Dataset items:
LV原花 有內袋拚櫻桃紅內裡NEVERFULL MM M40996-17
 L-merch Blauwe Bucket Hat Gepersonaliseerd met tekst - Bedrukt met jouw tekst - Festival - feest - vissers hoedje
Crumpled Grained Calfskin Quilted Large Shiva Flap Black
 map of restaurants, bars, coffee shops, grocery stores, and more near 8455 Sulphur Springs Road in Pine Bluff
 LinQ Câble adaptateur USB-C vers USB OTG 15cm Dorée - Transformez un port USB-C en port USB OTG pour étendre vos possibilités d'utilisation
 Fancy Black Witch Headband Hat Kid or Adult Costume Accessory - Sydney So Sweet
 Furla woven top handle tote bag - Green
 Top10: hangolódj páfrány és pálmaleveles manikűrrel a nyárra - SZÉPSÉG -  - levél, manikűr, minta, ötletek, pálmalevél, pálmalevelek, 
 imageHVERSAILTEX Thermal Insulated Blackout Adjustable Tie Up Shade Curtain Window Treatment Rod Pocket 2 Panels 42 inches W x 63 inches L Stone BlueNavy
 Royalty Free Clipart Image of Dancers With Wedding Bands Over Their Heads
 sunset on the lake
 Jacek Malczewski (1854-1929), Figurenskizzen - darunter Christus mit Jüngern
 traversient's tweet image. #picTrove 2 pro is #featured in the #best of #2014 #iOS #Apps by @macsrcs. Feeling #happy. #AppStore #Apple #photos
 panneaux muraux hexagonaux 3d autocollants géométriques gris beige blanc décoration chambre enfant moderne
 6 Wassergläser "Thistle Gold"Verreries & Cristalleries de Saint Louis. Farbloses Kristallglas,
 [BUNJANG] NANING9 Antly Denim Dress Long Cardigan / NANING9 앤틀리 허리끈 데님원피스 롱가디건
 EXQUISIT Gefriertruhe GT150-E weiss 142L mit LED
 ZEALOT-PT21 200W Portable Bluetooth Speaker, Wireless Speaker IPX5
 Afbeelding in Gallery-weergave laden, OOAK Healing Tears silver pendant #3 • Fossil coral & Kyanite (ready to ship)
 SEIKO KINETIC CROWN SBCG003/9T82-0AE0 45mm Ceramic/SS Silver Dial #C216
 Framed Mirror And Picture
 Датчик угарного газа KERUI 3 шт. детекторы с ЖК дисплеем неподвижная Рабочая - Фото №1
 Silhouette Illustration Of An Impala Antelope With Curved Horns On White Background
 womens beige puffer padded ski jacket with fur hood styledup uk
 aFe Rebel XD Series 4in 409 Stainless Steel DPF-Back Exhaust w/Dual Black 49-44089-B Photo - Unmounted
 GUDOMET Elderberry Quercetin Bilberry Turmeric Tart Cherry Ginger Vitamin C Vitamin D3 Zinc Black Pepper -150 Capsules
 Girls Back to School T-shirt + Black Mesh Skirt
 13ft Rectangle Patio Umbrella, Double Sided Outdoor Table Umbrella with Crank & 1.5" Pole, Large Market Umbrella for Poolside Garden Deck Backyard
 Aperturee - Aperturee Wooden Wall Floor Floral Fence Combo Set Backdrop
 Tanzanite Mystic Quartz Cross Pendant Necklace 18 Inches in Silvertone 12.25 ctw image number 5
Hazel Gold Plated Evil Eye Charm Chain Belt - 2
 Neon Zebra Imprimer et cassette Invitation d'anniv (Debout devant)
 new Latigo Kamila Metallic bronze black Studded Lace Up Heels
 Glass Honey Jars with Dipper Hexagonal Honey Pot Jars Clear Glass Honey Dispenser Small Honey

*WORK REQUEST:* Every line in the entries above that has the word "Gold" should be identified and copied.

*FINISHED TASK:*
 6 Wassergläser "Thistle Gold"Verreries & Cristalleries de Saint Louis. Farbloses Kristallglas,
Hazel Gold Plated Evil Eye Charm Chain Belt - 2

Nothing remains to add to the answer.